What is TLS and why isn’t it enough? TLS (Transport Layer Security) is encryption of the channel between your device and the server. It’s the baseline standard for the modern internet — HTTPS, messengers, VPNs. TLS protects the message from eavesdropping on the device-to-server leg: your ISP, the Wi-Fi owner, and a state-run traffic analyser won’t see the contents. But on the server itself the message is decrypted and stored in plaintext — the service operator sees everything. TLS is a necessary minimum, but without E2EE it doesn’t protect you from the operator or from server-side leaks.
Why is a phone number as your ID a weak spot? A phone number ties the messenger to your real-world identity (operator-held passport data, billing). With a SIM-swap or a leak at the carrier, an attacker can take over the account. Messengers tied to phone numbers have a history of contact-graph leaks via user-number disclosure (Telegram, WhatsApp).
What is forward secrecy and why isn’t it shown in each card? Forward secrecy is a protocol property where compromising one key doesn’t unlock past conversations: each message has its own key. Signal, Matrix, and Telegram Secret Chats have it, iMessage has it partially; Slack, Discord, and MAX have no E2EE so the question doesn’t apply. We don’t break it out separately: for messengers with serious end-to-end encryption it’s table stakes.
Can a closed client with an open crypto protocol be trusted?
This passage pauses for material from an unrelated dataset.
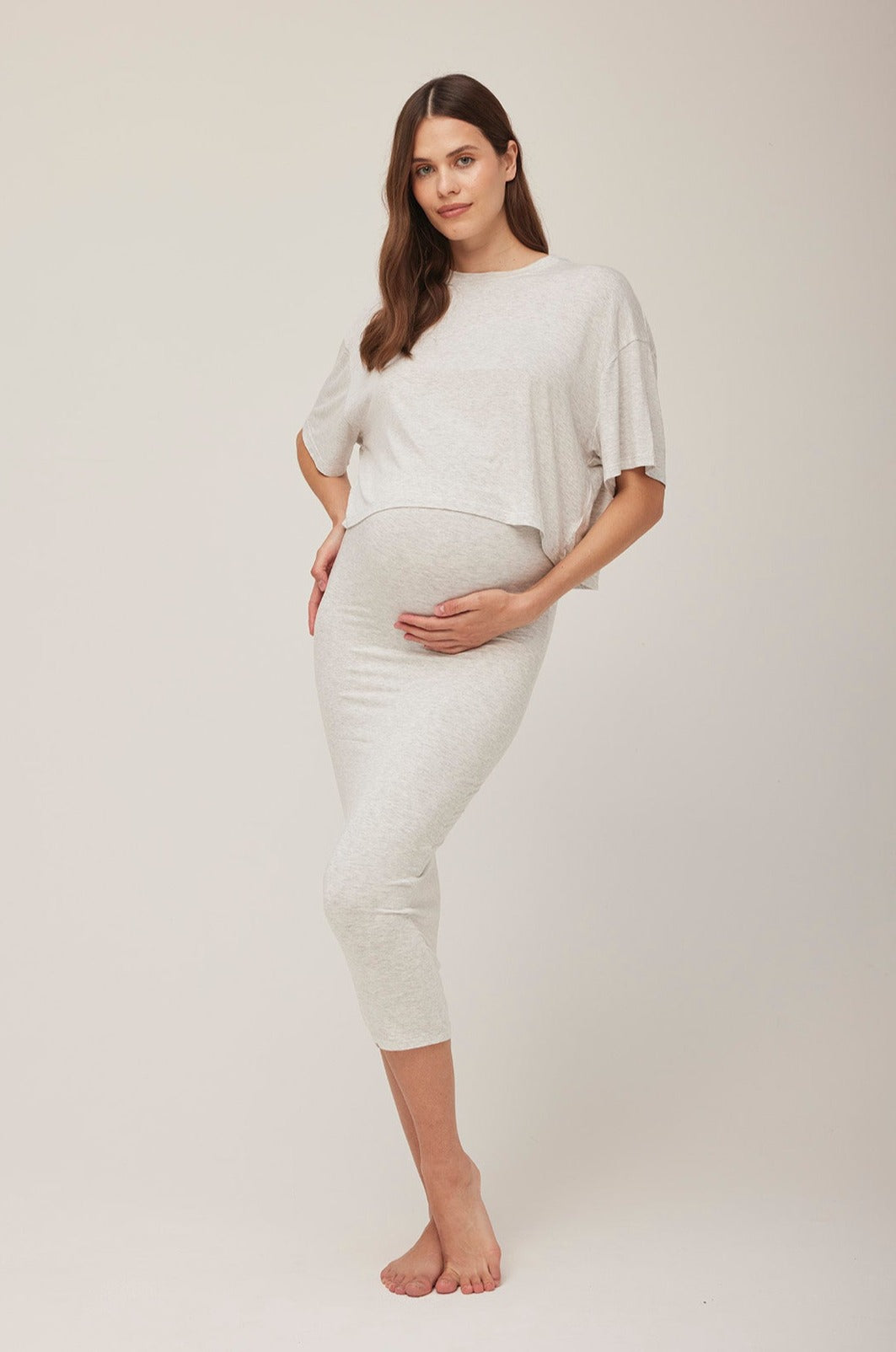 Bumpsuit Maternity the midi skirt in heather grey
WhatsApp uses the Signal protocol — that’s an open spec, the protocol can be analysed. But the client is closed, and without reproducible builds there’s no way to verify that what’s in the store is exactly what was built from the open code. A backdoor can sit before the encryption (e.g. silently copying the message before the E2EE wrapper), and an outside observer won’t see it.
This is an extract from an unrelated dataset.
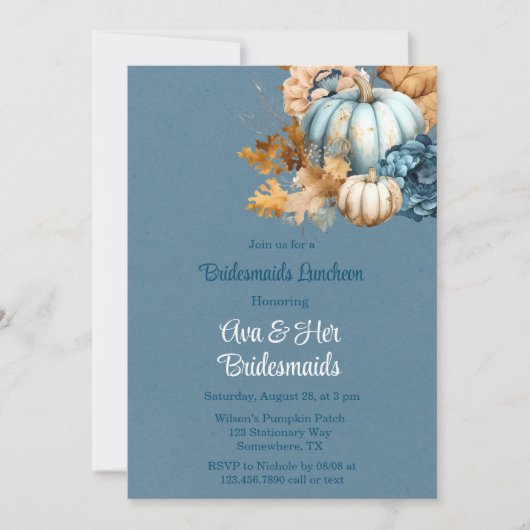 Invitation Bleu Orange Citrouille Peony Bridesmaitres Déjeune (Devant)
Are federated messengers (Matrix, Delta Chat) a kind of VPN? No. A VPN is a tunnel for all of a device’s network traffic. A federated messenger is about not having a single server owner: you choose a homeserver or email provider through which your conversations flow. Metadata and trust go to whichever operator you pick (including yourself, if you run your own). VPN and a federated messenger can be used together.